Les conclusions tirées sont encore plus savoureuses. Le Président Chirac, qui aux applaudissements du camp du oui avait "mis son poids dans la balance", ne semble pas trop concerné et, puisant comme d'habitude une nouvelle légitimité dans le désaveu, parle d'un nouvel élan. Il est vrai qu'avec un premier ministre à moins de 25% de satisfaits..Les premier ministrables de droite ont laissé entendre qu'avec encore plus de dynamisme et de réformes ( = plus de libéralisme N.d.T.) la France aurait des solutions (!). Les responsables de gauche ouiouistes ne sont pas mauvais non plus. Après avoir dit aux Français qui ont débattu jusque dans leur propre famille ou au bureau qu'ils s'étaient trompé de débat, on leur explique que c'est bien la droite qu'il faut combattre (comme aux européennes). Ou bien, qu'il n'y a rien à faire, puisque les carottes européennes sont cuites et qu'il est inconcevable de démentir une négociation désormais figée dans le marbre. Décidément, la psycho-rigidité semble bien être caractéristique d'une bonne partie de nos "élites" politiques : les généraux et leurs états-majors sont clairement désavoués mais, comme en 17, rejettent les responsabilités sur le poilu. Ca bloque.
Alors, que faire ? Tout d'abord, sans doute, penser à l'essentiel c'est-à-dire à la situation économique. Pendant que le processus de ratification se poursuit - et il permettra sans nul doute à bien d'autres Européens de faire entendre qu'ils veulent une politique sociale et non un cartel libéral à leur tête-, travailler à faire des propositions économiques nouvelles, s'appuyant sur une dépense publique maîtrisée, une réflexion profonde sur les moteurs de la croissance et non sur la phobie du secteur public. Après tout, Keynes était Européen !
En même temps il faut relancer l'Europe par l'action concrète et les projets nouveaux dans le monde entier et non à travers une idéologie douteuse. Il faut aussi rassurer nos partenaires et leur faire comprendre nos intentions positives. Il faut construire et reconstruire, en Europe mais aussi au-delà de l'Europe, nos partenariats logiques et naturels : lancer une reconquista intellectuelle, économique et politique devient indispensable, loin des refuges frileux de l'"exception culturelle" (exception à quoi ?). C'est là et pas ailleurs que doit résider le changement nécessaire.

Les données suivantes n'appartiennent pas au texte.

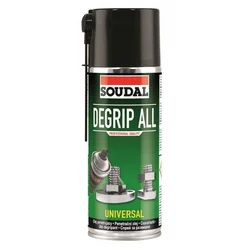 Sprej odvijač univerzalni 400ml Soudal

Parmi les peuples d'Europe qui ont eu droit à la parole directe (rappelons que l'abstention a été très large en Espagne et qu'aux Pays-Bas, en Allemagne ou au Royaume-Uni, il faut être aveugle pour nier que la base est mécontente), les Français sont les premiers à marquer une inflexion, une volonté d'autre chose. Face à la pensée unique vendue par la droite et parfois aussi relayée par la gauche, ils ont su s'exprimer de façon massive et réfléchie. Ecoutons-les avant d'agir pour la suite.